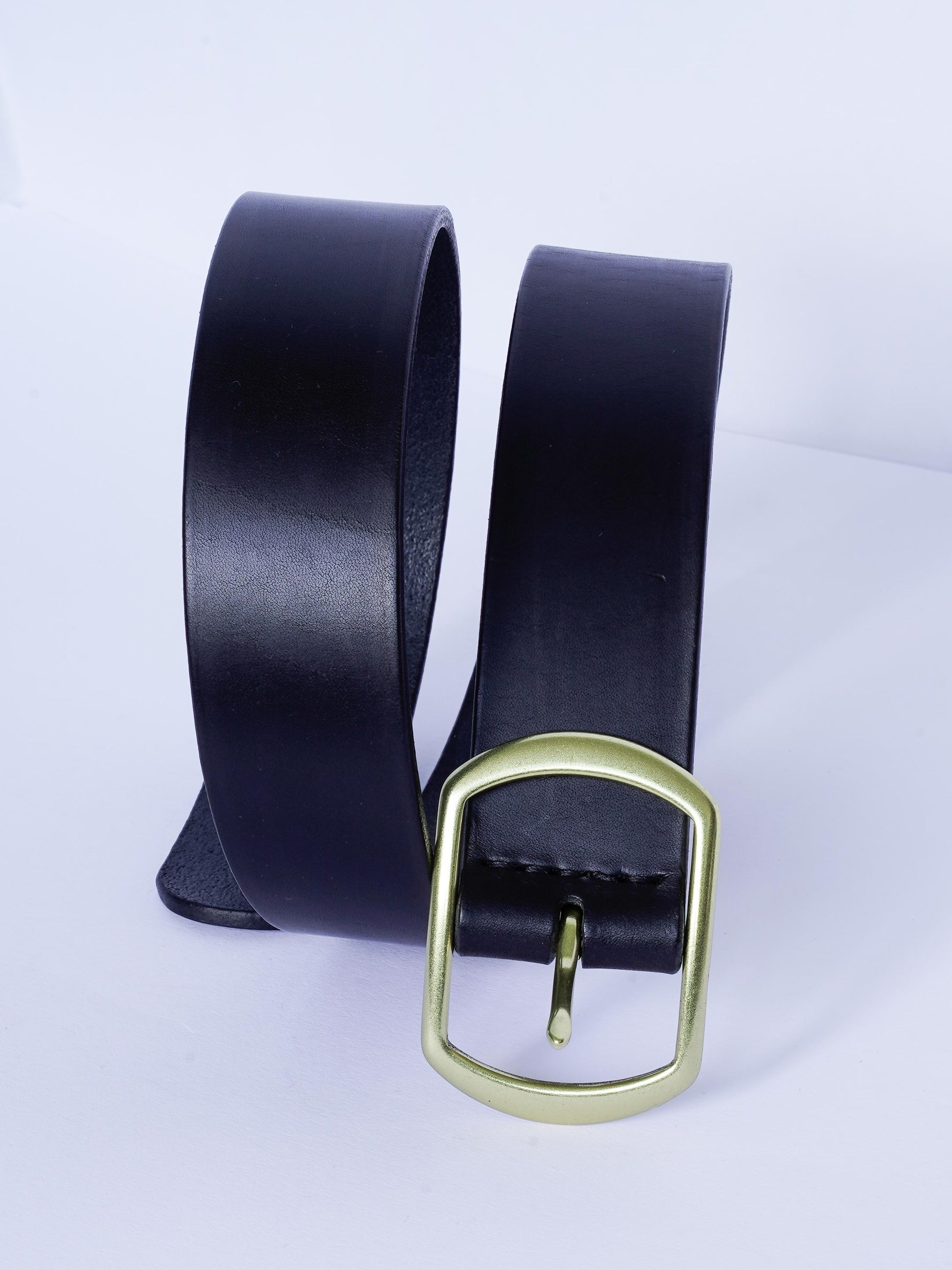 custom-made leather belt from vegetable-tanned Tuscan leather | Handcrafted Women belt | Made in Germany | Leather of Italian quality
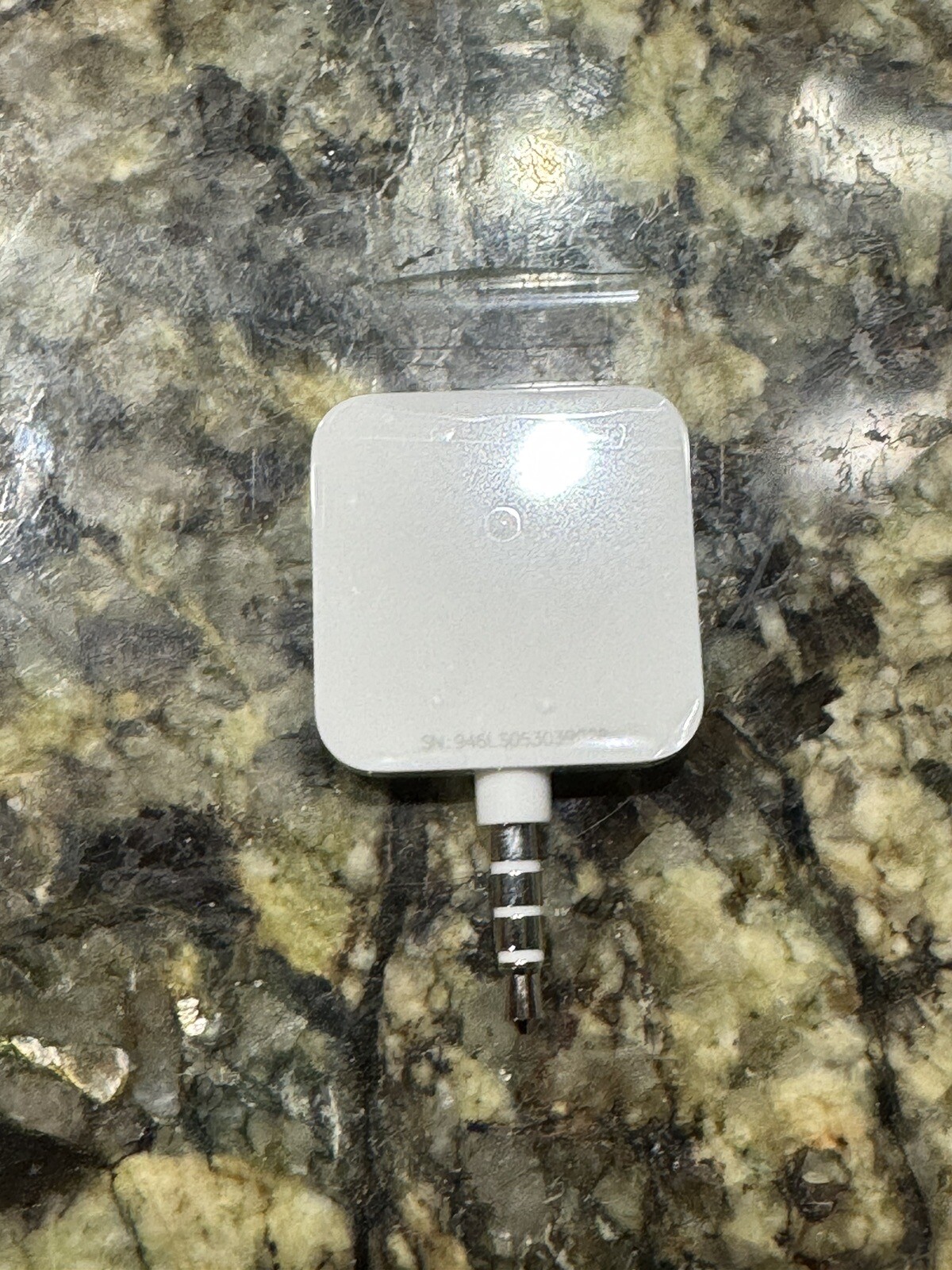 Square A-PKG-0206-01 Credit Debit Card Reader – White for Apple iPhone and…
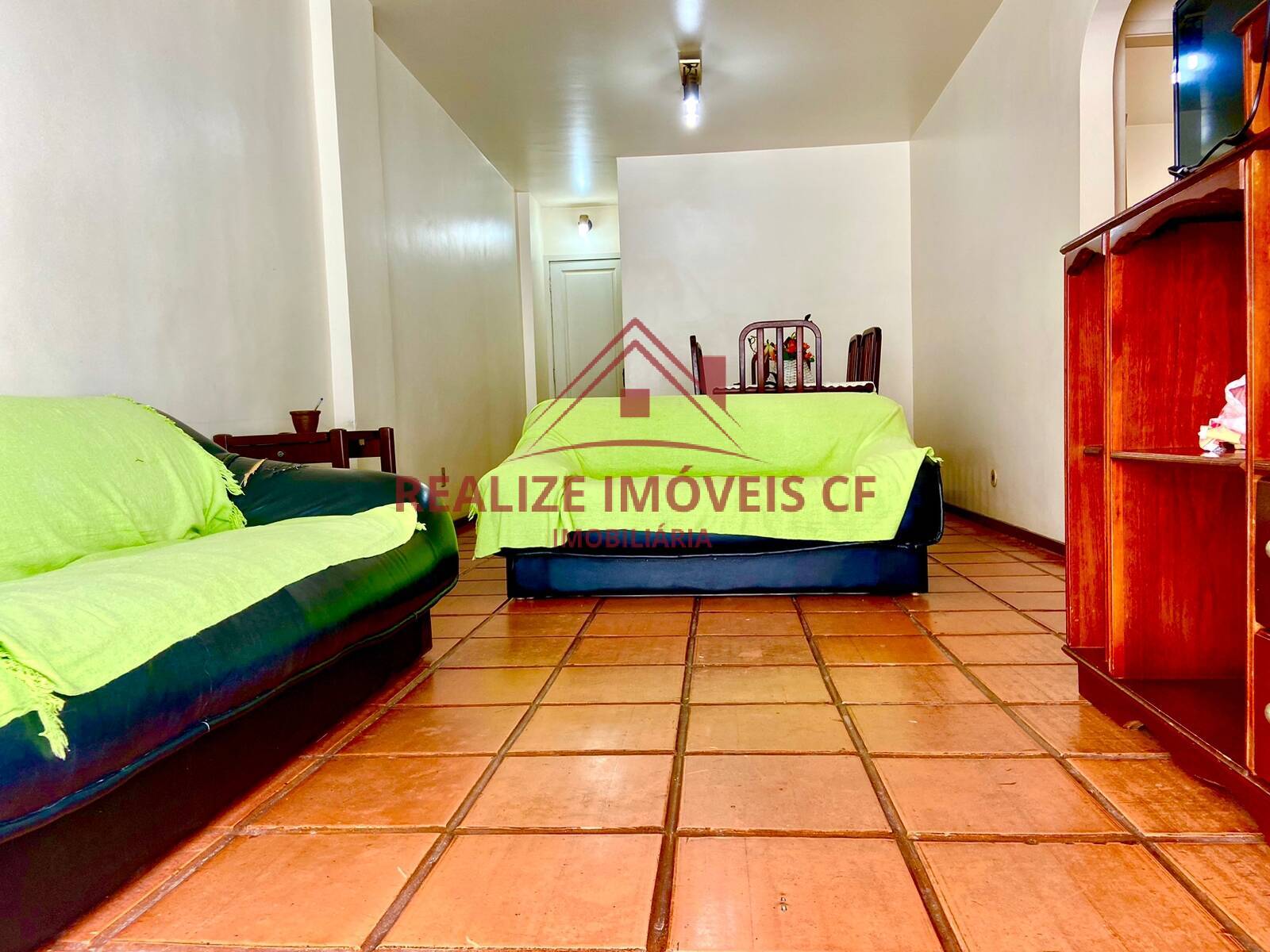 Apartamento à venda com 2 quartos, 80m² - Foto 2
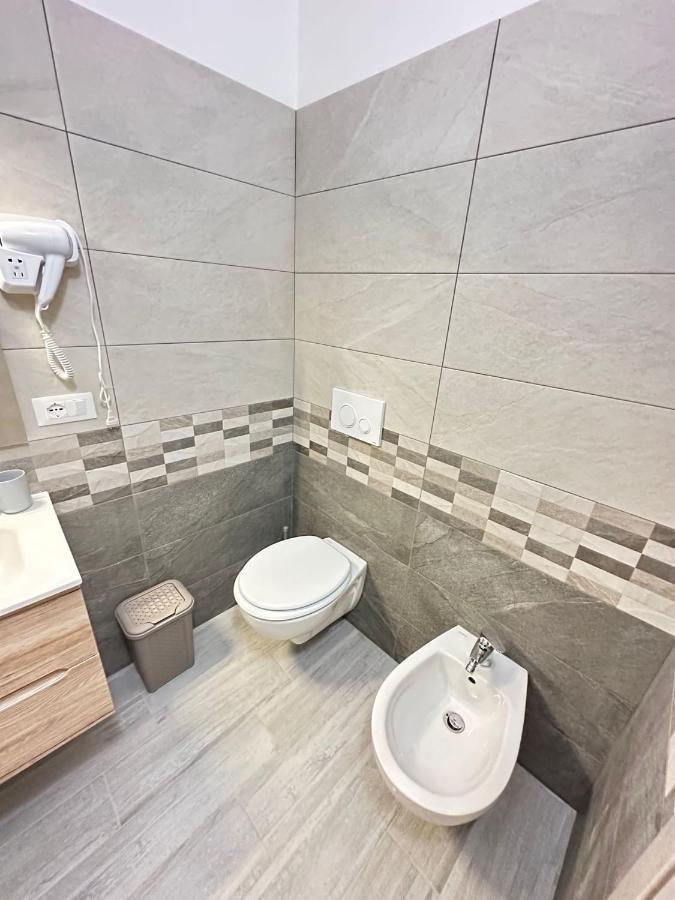 פיצו Costa Degli Dei Rooms מראה חיצוני תמונה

[Exercise]: Retyping is limited to the line with "Square A-PKG-0206-01 Credit" and the lines after it in the material above; give them exactly and leave out the pictures.

[Answer box]:
 Square A-PKG-0206-01 Credit Debit Card Reader – White for Apple iPhone and…
 Apartamento à venda com 2 quartos, 80m² - Foto 2
 פיצו Costa Degli Dei Rooms מראה חיצוני תמונה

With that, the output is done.